_Task details_
Although the data holds pictures, return only the lines from the one containing "QR-code Visitekaartje (Voorkant)" to the end, exactly, and without them.

_Captioned web image data_

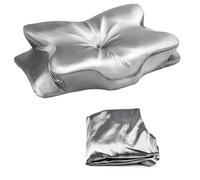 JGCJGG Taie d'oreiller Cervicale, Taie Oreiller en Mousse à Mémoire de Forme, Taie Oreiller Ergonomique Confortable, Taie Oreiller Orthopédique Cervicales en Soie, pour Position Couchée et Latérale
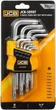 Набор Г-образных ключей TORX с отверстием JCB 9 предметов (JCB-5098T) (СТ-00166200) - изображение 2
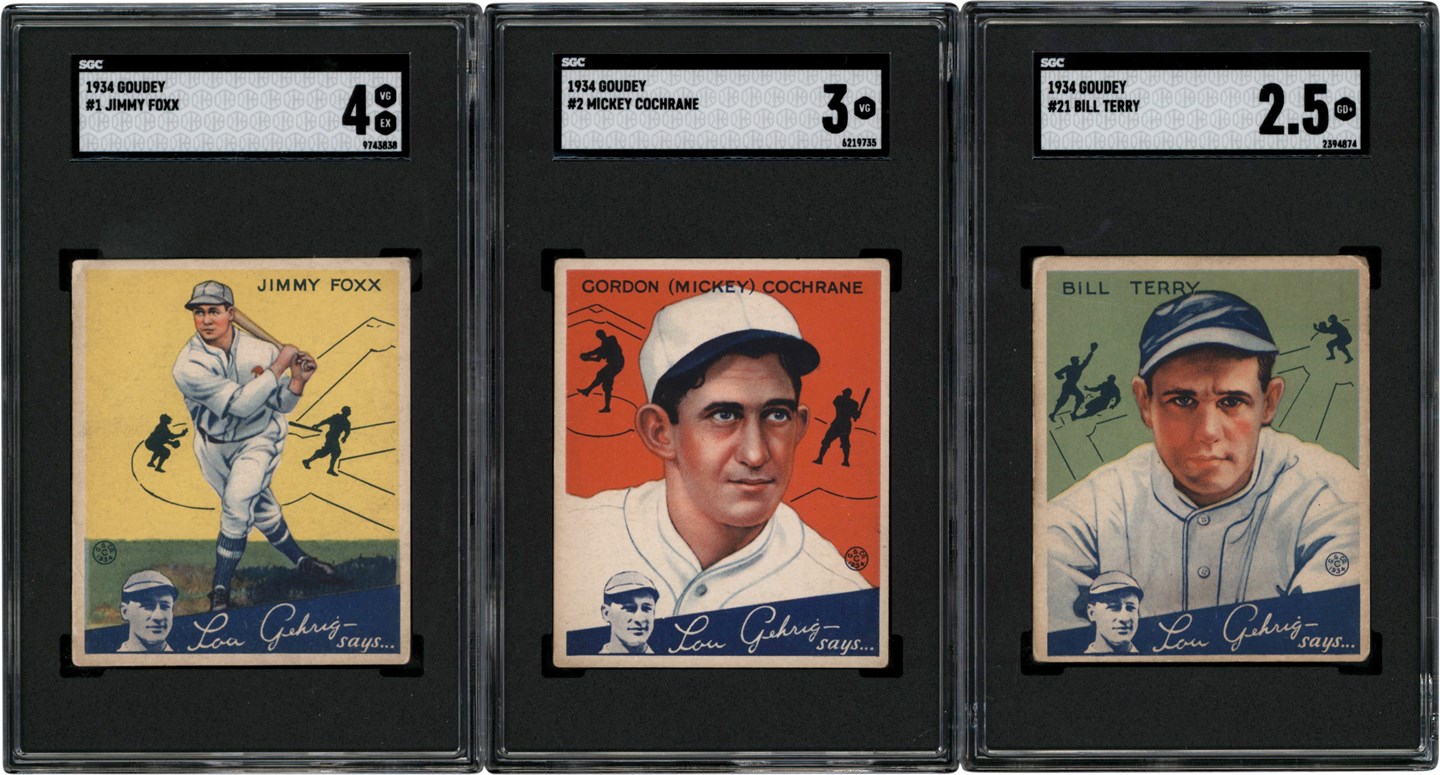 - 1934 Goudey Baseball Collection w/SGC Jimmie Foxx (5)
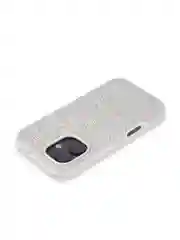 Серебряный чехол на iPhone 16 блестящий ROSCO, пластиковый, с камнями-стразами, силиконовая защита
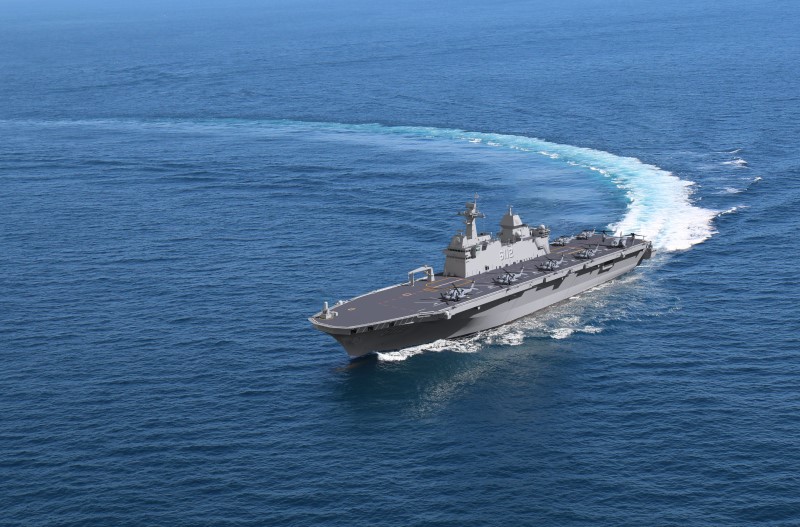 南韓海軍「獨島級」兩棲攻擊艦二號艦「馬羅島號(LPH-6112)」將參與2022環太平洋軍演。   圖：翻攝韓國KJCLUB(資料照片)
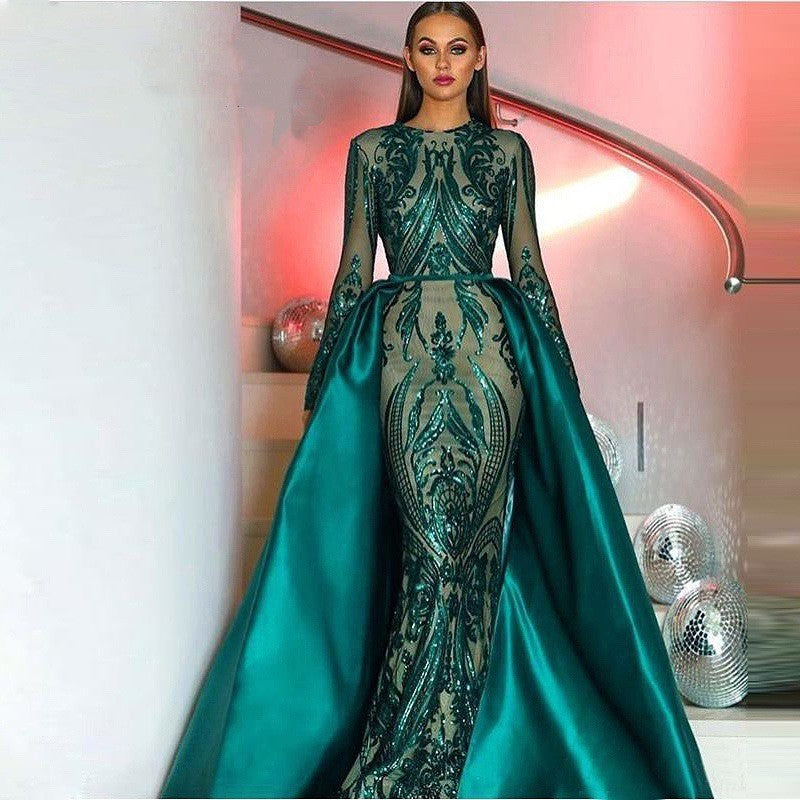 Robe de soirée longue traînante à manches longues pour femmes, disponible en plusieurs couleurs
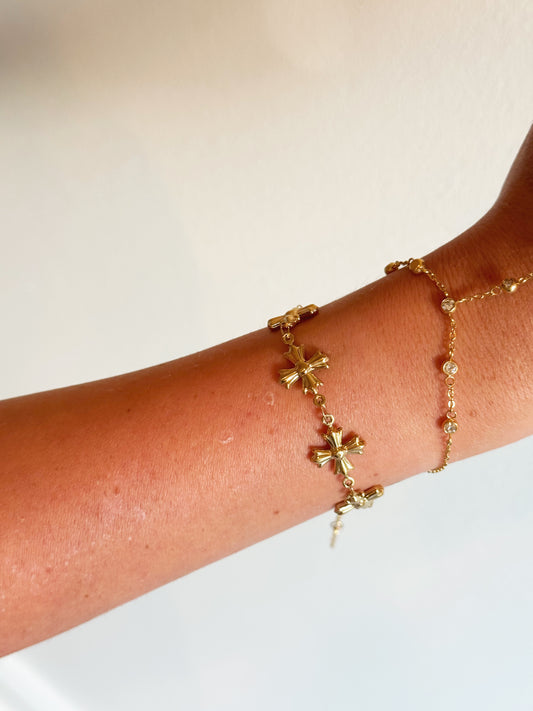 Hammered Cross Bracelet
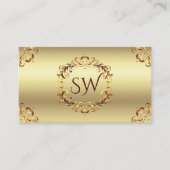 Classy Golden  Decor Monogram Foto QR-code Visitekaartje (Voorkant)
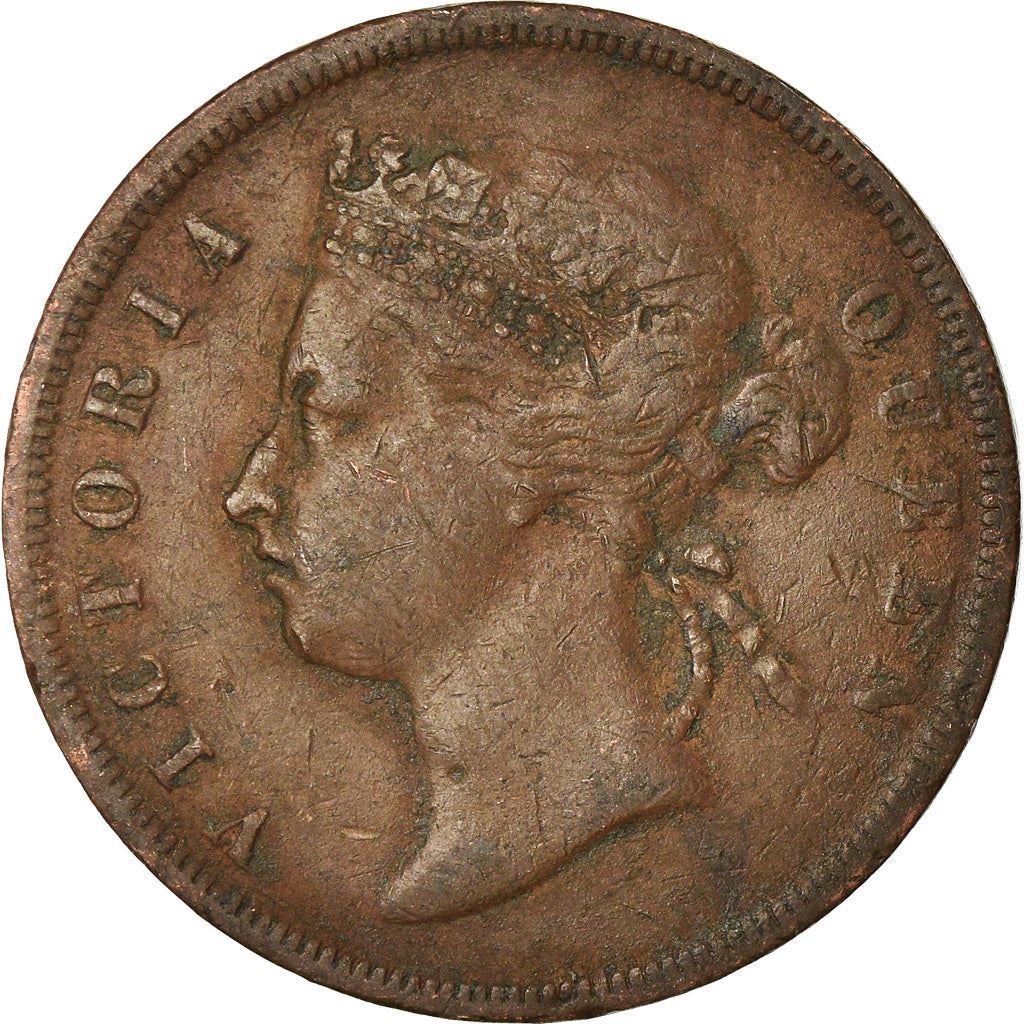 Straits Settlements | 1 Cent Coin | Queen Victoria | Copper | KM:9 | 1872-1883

_Task output_
 Classy Golden  Decor Monogram Foto QR-code Visitekaartje (Voorkant)
 Straits Settlements | 1 Cent Coin | Queen Victoria | Copper | KM:9 | 1872-1883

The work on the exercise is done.